(Task item)
Leaving out all pictures, repeat exactly the lines from the one that holds "Messermeister Blacksmith Santoku" to the last line of the entries below.

◆ ◆ ◆

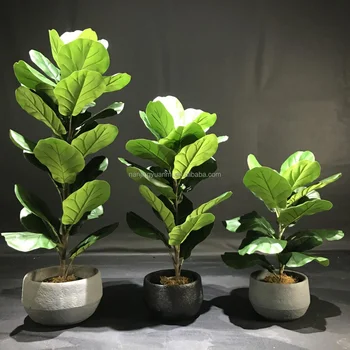 Realistic Recycle Plastic Fake Fiddle Leaf Fig Tree Decor For Restaurant,Hotel,Supermarket Face Plants Artificial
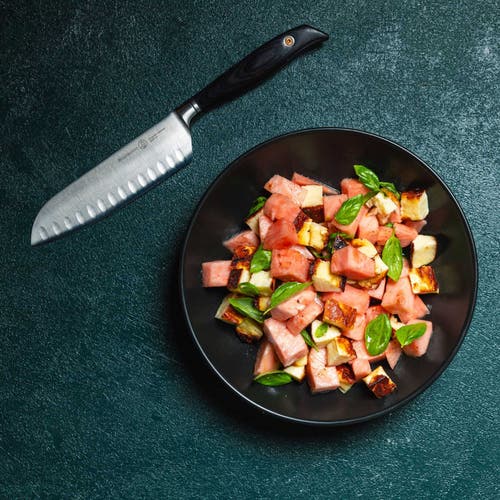 Messermeister Blacksmith Santoku Knife With Kullens 6.5 Inches In Black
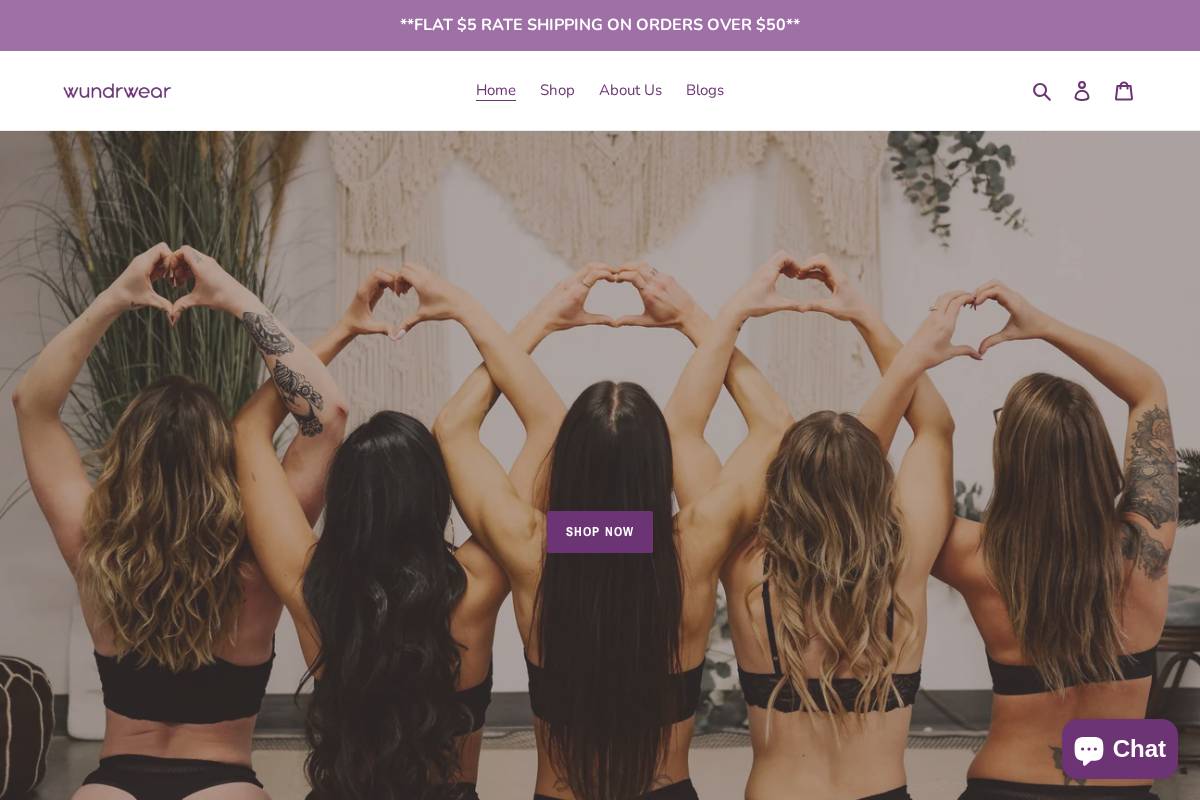 wundrwear.com homepage screenshot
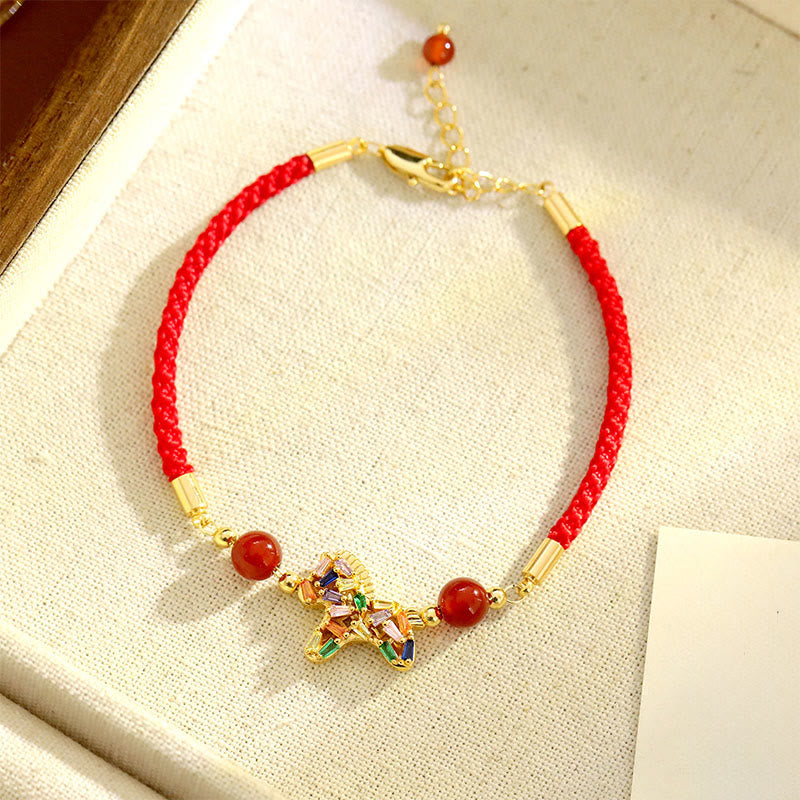 Fortune Jewel Year Of The Horse Copper Red Agate Balance Bracelet - Fortune Jewel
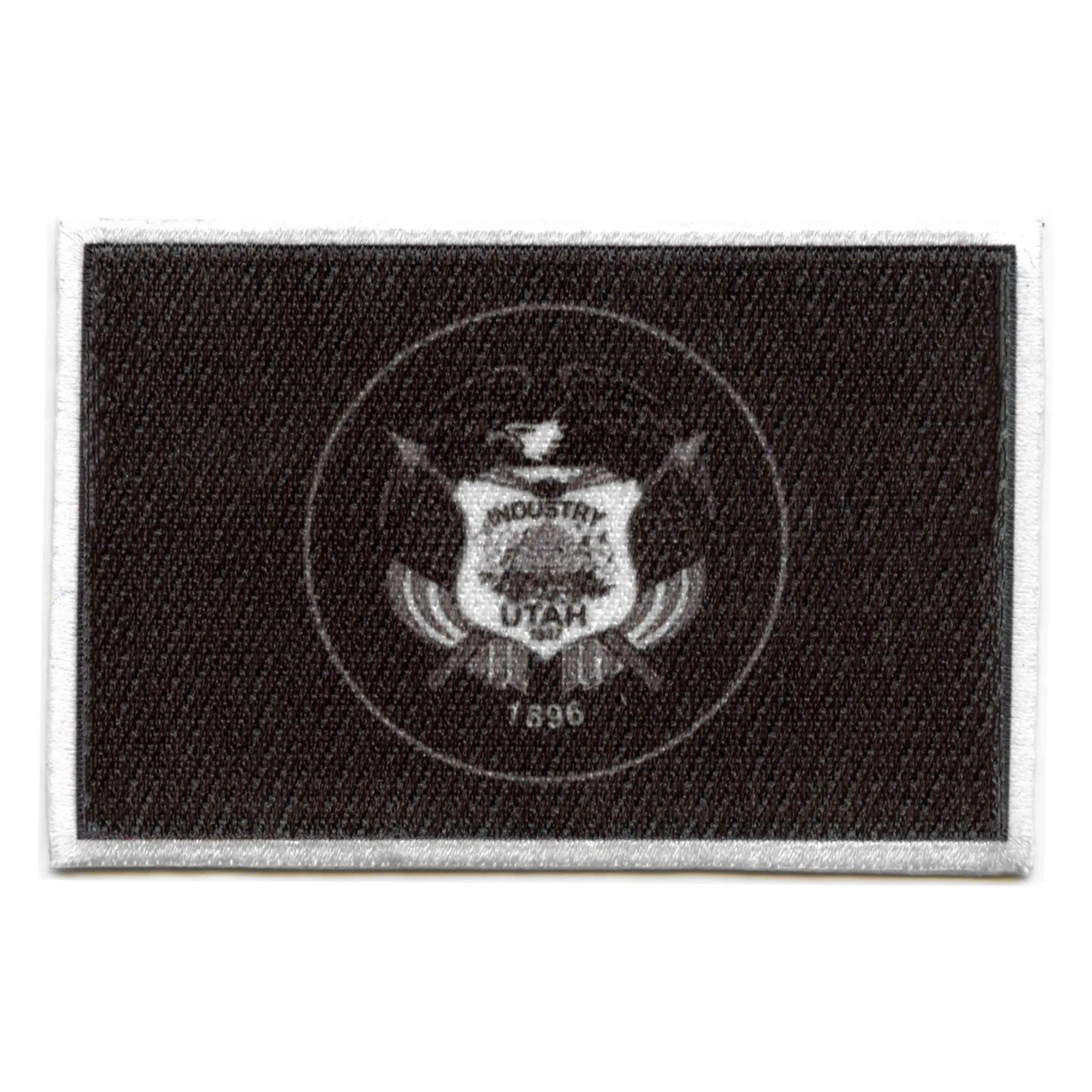 Utah Patch State Flag Grayscale Embroidered Iron On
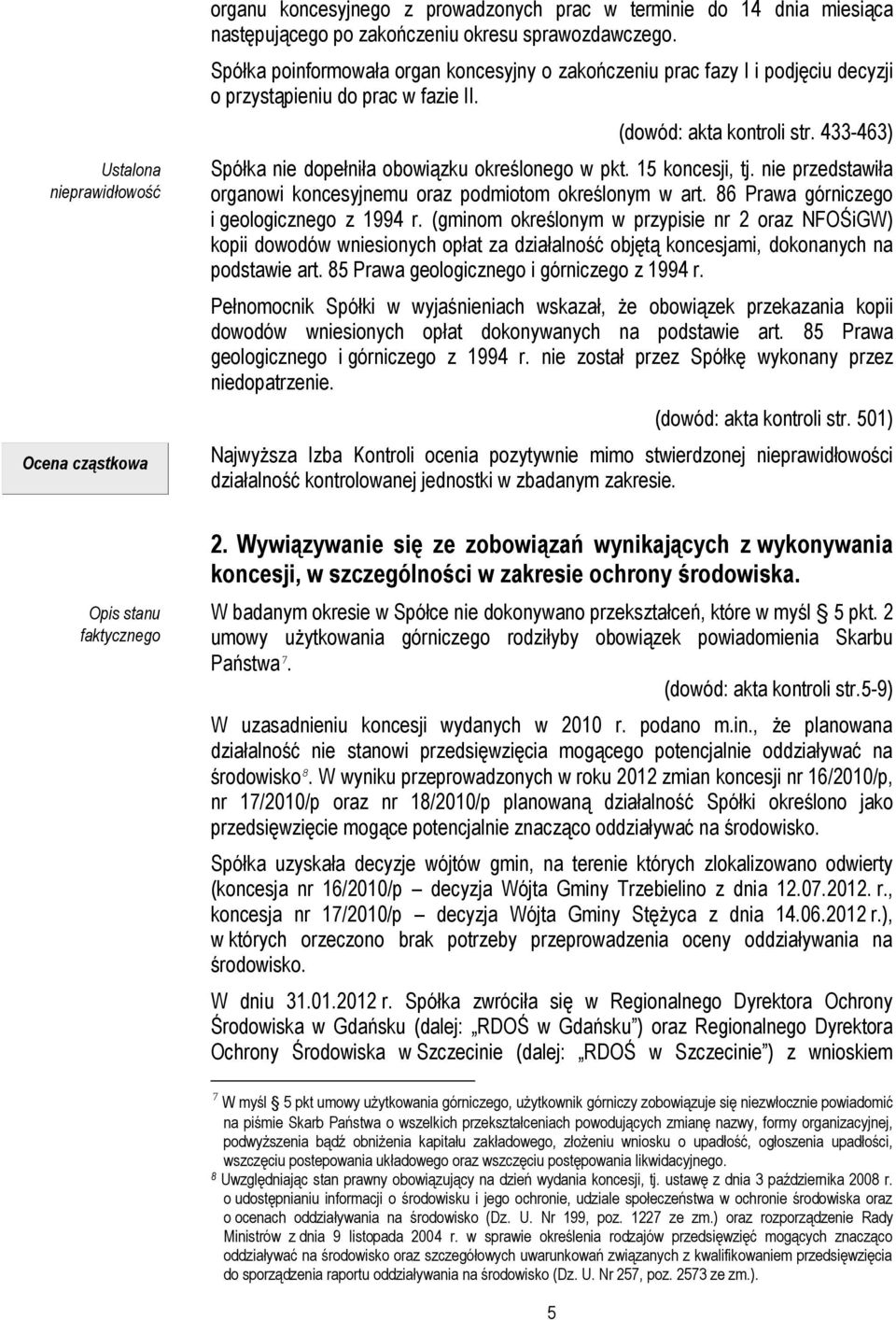 433-463) Spółka nie dopełniła obowiązku określonego w pkt. 15 koncesji, tj. nie przedstawiła organowi koncesyjnemu oraz podmiotom określonym w art. 86 Prawa górniczego i geologicznego z 1994 r.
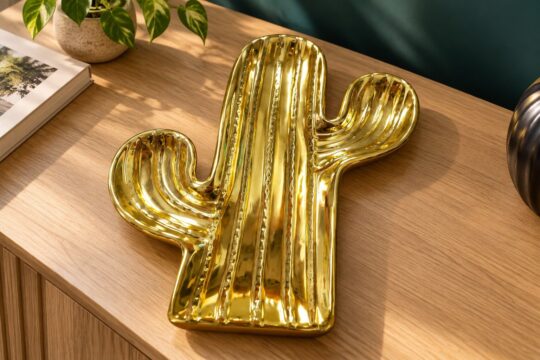 Bandeja Decorativa Cactus de Cerámica con Acabado Brillante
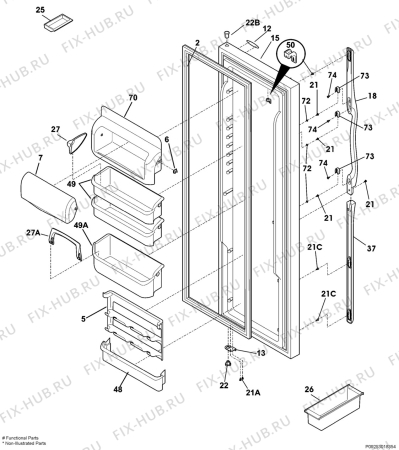 Взрыв-схема холодильника Frigidaire GLVC25V7DB1 - Схема узла Refrigerator door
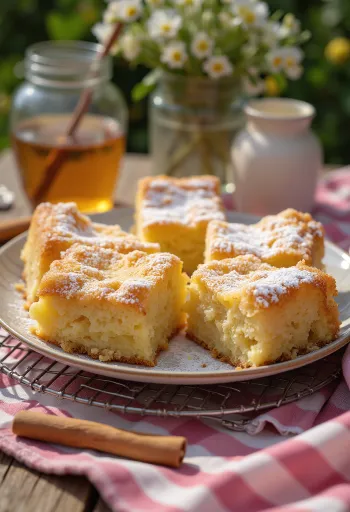 Servírovaný medovo-škoricový koláč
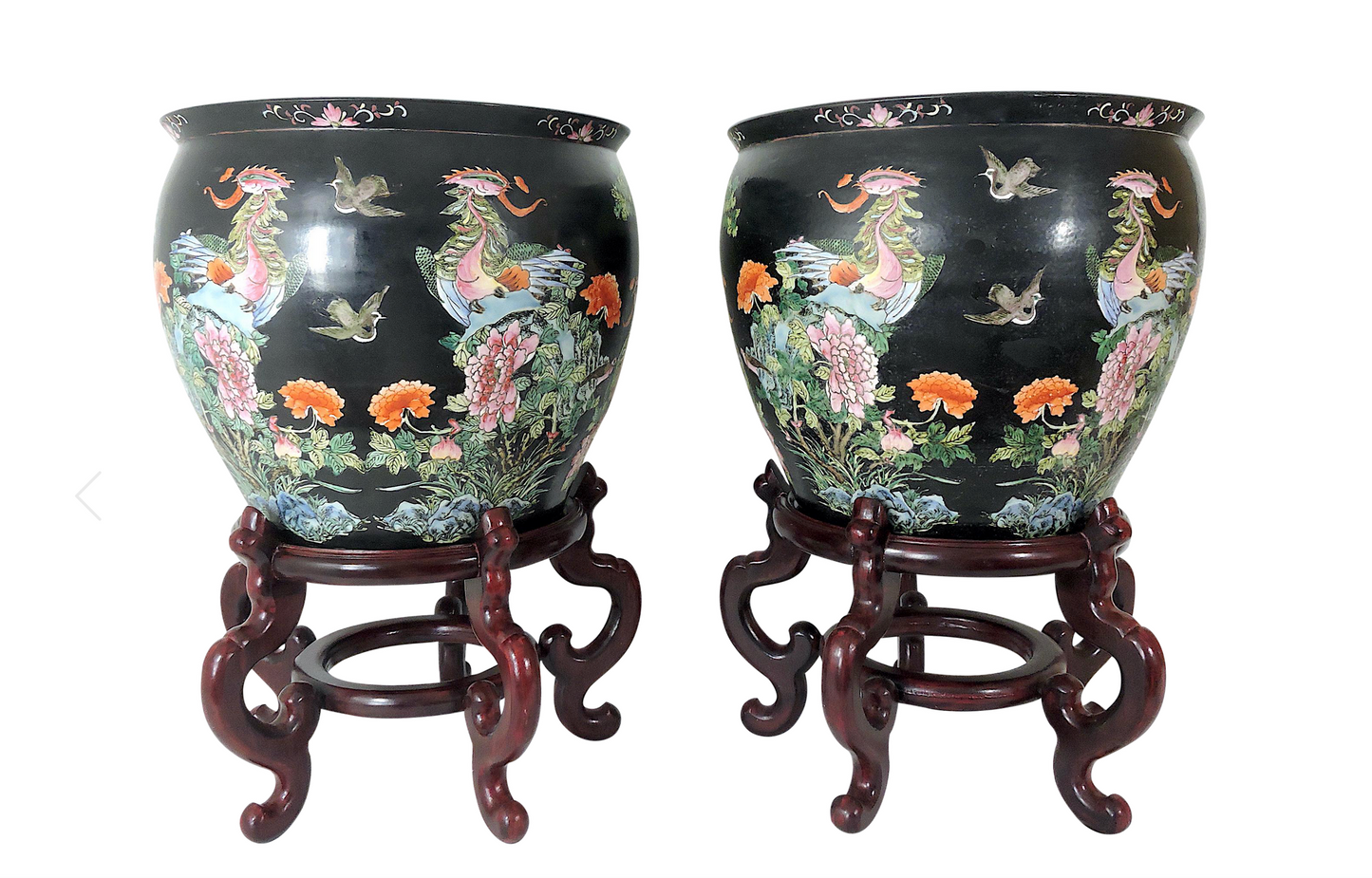 Early 20th Century Family Noire Black Chinese Porcelain Planters With Goldfish & Phoenix Birds - a Pair, on Rosewood Stands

◆ ◆ ◆

(Reply to the exercise)
 Messermeister Blacksmith Santoku Knife With Kullens 6.5 Inches In Black
 wundrwear.com homepage screenshot
 Fortune Jewel Year Of The Horse Copper Red Agate Balance Bracelet - Fortune Jewel
 Utah Patch State Flag Grayscale Embroidered Iron On
 433-463) Spółka nie dopełniła obowiązku określonego w pkt. 15 koncesji, tj. nie przedstawiła organowi koncesyjnemu oraz podmiotom określonym w art. 86 Prawa górniczego i geologicznego z 1994 r.
 Bandeja Decorativa Cactus de Cerámica con Acabado Brillante
 Взрыв-схема холодильника Frigidaire GLVC25V7DB1 - Схема узла Refrigerator door
 Servírovaný medovo-škoricový koláč
 Early 20th Century Family Noire Black Chinese Porcelain Planters With Goldfish & Phoenix Birds - a Pair, on Rosewood Stands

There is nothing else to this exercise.